For a model to produce accurate results, you need to make sure it’s using the right data. Feature selection is how you ensure your model is focused on the data with the most predictive power and is not distracted by data that won’t impact decision making. Precise feature selection will result in a faster, more efficient, more interpretable model.

If you have a lot of domain knowledge, use machine learning and manually select the important features of your data.

If you have limited domain knowledge, try automatic feature selection techniques such as neighborhood component analysis or use a deep learning algorithm like CNN for feature selection.

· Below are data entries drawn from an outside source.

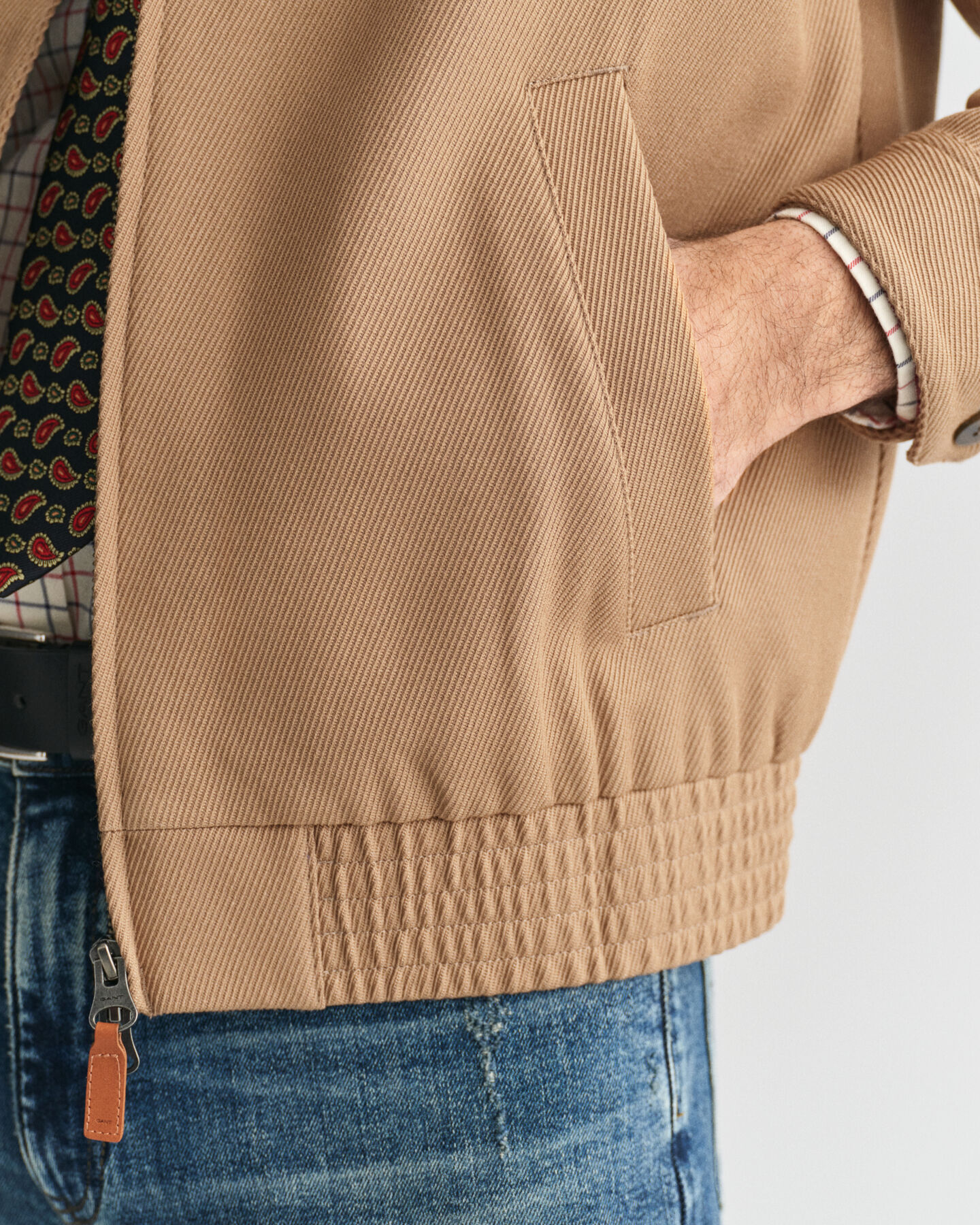 Harrington‑villasekoitetakki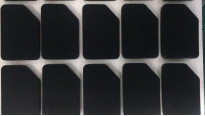 Rompa l'allungamento 85 prodotti del piede della gomma di silicone 98 per cento di umidità resistente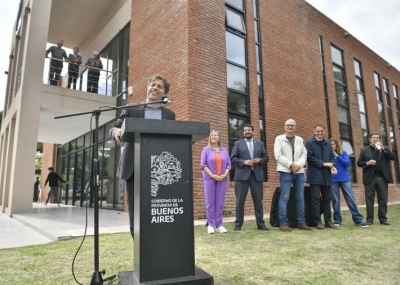 Villa Gesell: Kicillof inauguró la Casa de la Provincia en la ciudad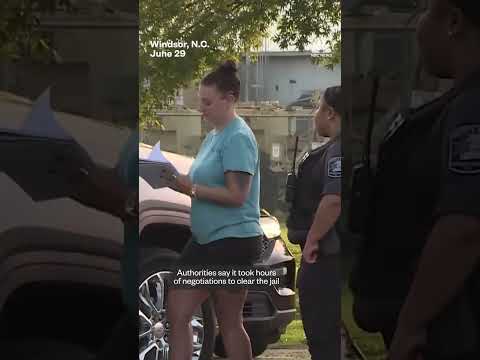 N.C. jail regains control after inmate takeover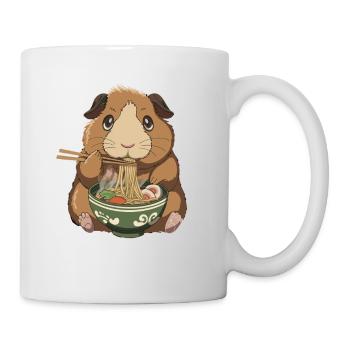 Délice Ramen Cochon d’Inde - Parfait pour - Mug blanc - blanc - Droite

If your data has lots of features, use principal component analysis with machine learning to reduce dimensionality.

For Example

Signal processing engineers are often required to transform their 1D signals to reduce dimensionality (signals often come in at high frequency rates, making the amount of data untenable to process in its raw form) and to expose prominent features specific to the data. One common way is to convert 1D signals into a 2D representation using a transform such as spectrogram.

This conversion highlights the most prominent frequencies of a signal. This creates an “image” that can then be used as input into a CNN.

Six signal plots. The signals in the first three plots indicate visuals for the spoken words “up,” “on,” and “right.” The other three show the same signals transformed and represented as 3 D spectrograms.

Original signal (top) and corresponding spectrograms (bottom) for words.